# Simple Harmonic Motion of a Block on a Spring

1. Feb 7, 2010

### Neodudeman

1. The problem statement, all variables and given/known data
There's a block attached to a spring on a frictionless surface that oscillates back and forth. (Assume no damping).
At t=0, the potential energy in the spring is 25% of the maximum potential energy.
Kinetic energy decreases with time at t=0, and at t=2, the kinetic energy becomes 0 for the first time.

Determine the frequency of this motion.

2. Relevant equations
$$\frac{1}{2}$$mv2 + $$\frac{1}{2}$$kx2 = Enet
x(t) = Acos($$\omega$$*t+$$\phi$$o)

3. The attempt at a solution
Ok. In order to get Frequency, we need the Period.
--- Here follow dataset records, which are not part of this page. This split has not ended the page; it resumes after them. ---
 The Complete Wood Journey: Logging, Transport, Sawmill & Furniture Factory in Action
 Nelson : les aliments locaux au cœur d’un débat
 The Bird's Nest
To get the period, we solve for $$\omega$$ by using the position function.
To use the position function, we must first find $$\phi$$.

So, according to the data, at t=0, the PE is 25% of the maximum potential energy. We know that the maximum potential energy is actually equal to $$\frac{1}{2}$$kA2. Thus, 25% of the maximum potential energy is equal to $$\frac{1}{4}$$*$$\frac{1}{2}$$*kA2.
Therefore, at t=0, $$\frac{1}{4}$$*$$\frac{1}{2}$$*kA2=$$\frac{1}{2}$$kx2.
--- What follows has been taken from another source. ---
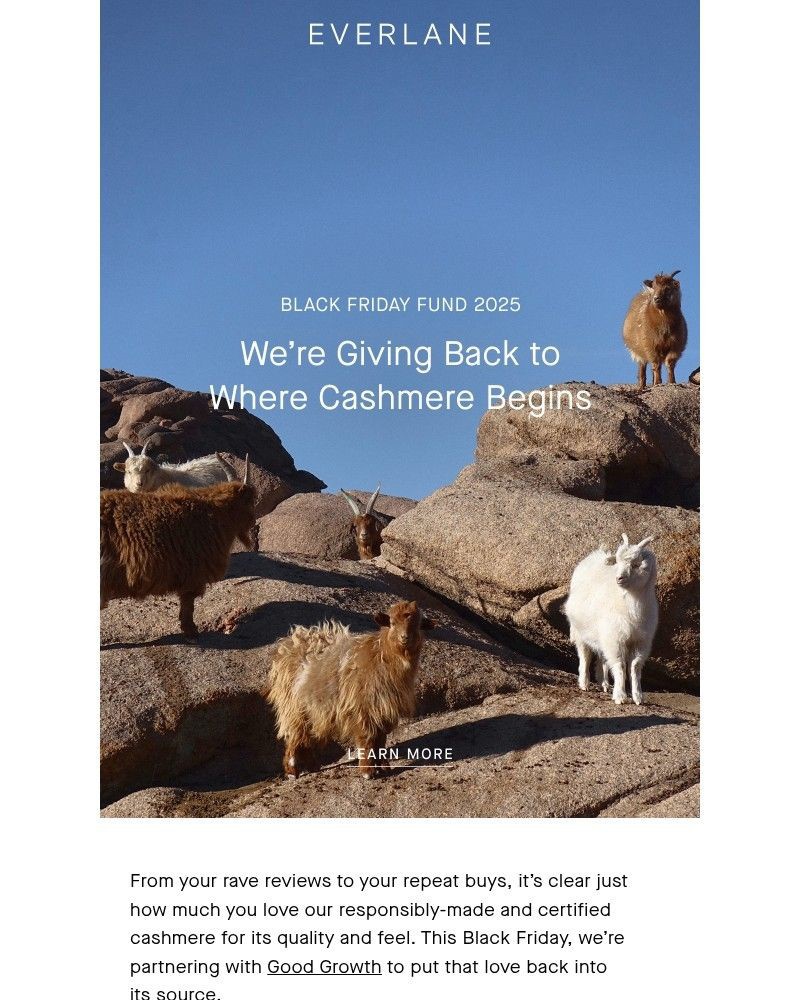 Screenshot of email with subject /media/emails/black-friday-fund-2025-cc3eef-cropped-f6a6ffe1.jpg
Solving for x, we get that x=$$\frac{1}{2}$$A.

Putting that into the position function,
@t=0
$$\frac{1}{2}$$A=Acos($$\omega$$*0+$$\phi$$)
$$\frac{1}{2}$$=cos($$\phi$$)
acos($$\frac{1}{2}$$=$$\phi$$)

$$\phi$$=$$\pi$$/3

Now, solving for $$\omega$$ and the period.

And this is where I have a problem...

x(t)=A*cos($$\omega$$*t+$$\phi$$)
At t=2, the potential energy is max, meaning the kinetic energy is 0. Thus, the position x is equal to the amplitude A.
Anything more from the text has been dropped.